• [The task]
Copy exactly the lines from the one containing "a white living" through the last line of the records below, including both, and leave out any pictures.
-----
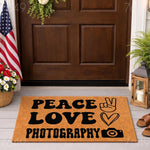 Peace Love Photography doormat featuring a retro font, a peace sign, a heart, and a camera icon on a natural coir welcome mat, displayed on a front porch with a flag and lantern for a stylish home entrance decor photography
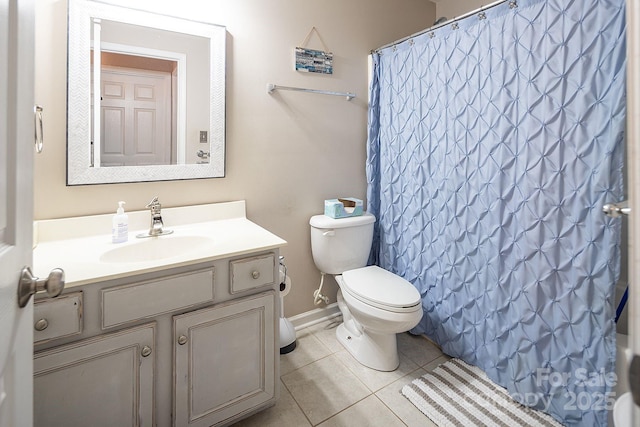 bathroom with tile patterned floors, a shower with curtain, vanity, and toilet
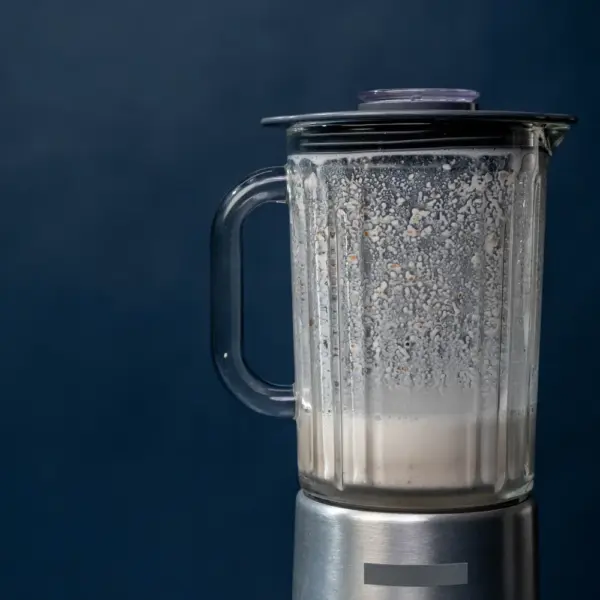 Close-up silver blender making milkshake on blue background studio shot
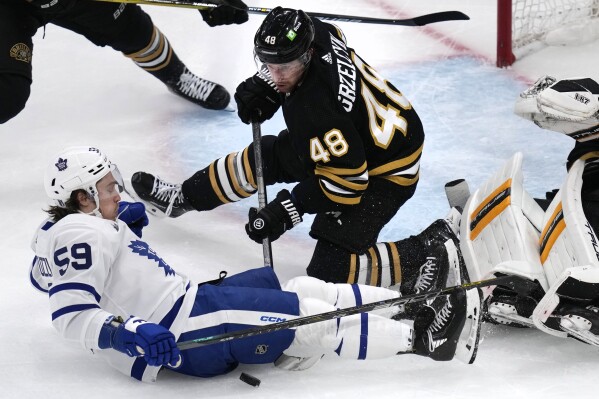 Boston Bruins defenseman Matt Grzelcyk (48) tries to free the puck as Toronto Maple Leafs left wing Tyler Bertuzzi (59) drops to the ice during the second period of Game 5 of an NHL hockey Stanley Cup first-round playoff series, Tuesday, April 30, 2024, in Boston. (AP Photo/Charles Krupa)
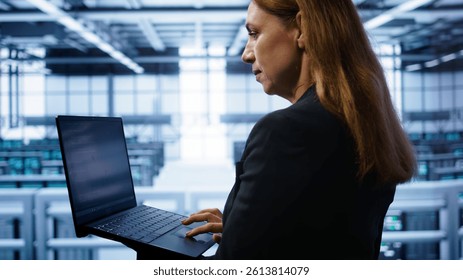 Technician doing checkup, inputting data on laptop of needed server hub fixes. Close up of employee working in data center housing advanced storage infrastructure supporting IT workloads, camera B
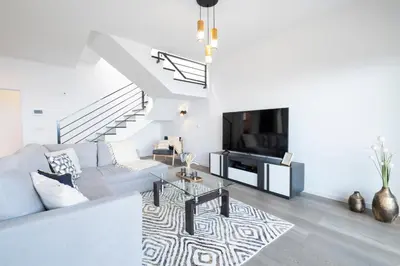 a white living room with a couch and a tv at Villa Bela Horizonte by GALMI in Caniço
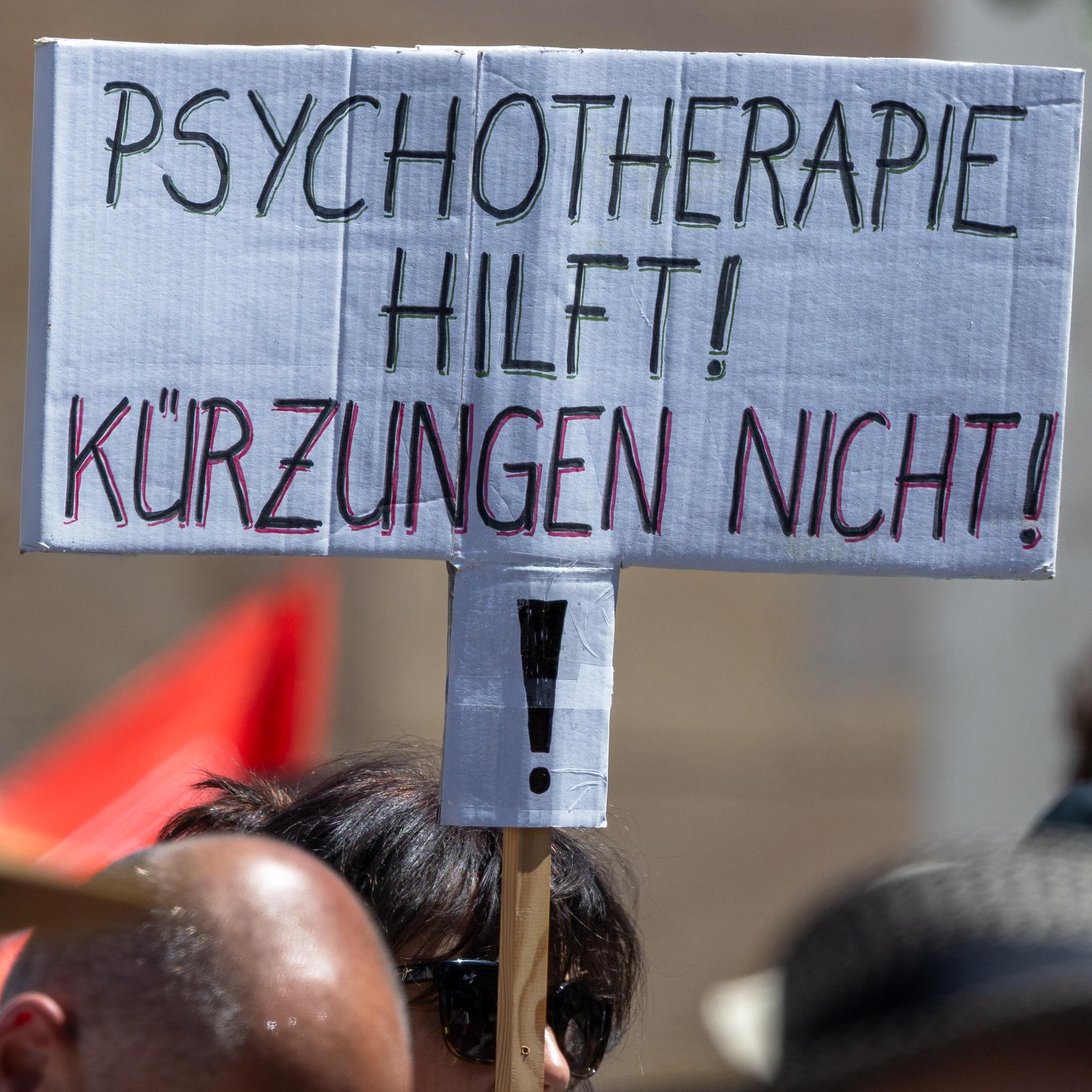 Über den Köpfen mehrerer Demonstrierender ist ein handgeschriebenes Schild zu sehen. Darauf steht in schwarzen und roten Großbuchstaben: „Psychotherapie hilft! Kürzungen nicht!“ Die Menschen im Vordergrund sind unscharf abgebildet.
-----
• [Task response]
 a white living room with a couch and a tv at Villa Bela Horizonte by GALMI in Caniço
 Über den Köpfen mehrerer Demonstrierender ist ein handgeschriebenes Schild zu sehen. Darauf steht in schwarzen und roten Großbuchstaben: „Psychotherapie hilft! Kürzungen nicht!“ Die Menschen im Vordergrund sind unscharf abgebildet.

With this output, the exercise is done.